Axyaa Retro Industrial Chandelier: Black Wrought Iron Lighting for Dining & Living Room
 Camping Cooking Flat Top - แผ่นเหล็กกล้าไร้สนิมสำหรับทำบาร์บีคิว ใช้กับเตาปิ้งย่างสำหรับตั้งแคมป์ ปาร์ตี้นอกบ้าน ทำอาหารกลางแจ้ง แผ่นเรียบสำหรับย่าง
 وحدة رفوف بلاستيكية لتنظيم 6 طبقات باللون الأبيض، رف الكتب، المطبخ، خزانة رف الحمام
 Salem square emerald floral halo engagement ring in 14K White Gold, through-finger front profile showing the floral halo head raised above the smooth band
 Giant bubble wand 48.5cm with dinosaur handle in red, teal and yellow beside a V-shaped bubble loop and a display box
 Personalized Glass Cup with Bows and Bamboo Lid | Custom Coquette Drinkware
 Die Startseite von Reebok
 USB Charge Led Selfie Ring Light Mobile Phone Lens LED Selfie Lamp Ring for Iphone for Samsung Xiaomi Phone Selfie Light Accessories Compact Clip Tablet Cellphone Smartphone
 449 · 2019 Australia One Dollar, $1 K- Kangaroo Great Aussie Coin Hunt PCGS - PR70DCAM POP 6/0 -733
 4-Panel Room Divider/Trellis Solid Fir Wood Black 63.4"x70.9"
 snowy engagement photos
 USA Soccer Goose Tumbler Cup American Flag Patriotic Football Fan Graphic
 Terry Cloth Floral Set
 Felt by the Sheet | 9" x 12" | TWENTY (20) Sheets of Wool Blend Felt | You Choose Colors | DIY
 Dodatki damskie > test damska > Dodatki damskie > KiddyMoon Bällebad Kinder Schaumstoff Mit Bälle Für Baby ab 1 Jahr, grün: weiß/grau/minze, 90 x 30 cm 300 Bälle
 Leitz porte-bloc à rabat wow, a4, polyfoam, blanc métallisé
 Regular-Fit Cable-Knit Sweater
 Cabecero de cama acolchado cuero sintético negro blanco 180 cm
────────────────────────────────────────
Filter the listing for the word "Room" and copy each line that has it.

Result =>
Axyaa Retro Industrial Chandelier: Black Wrought Iron Lighting for Dining & Living Room
 4-Panel Room Divider/Trellis Solid Fir Wood Black 63.4"x70.9"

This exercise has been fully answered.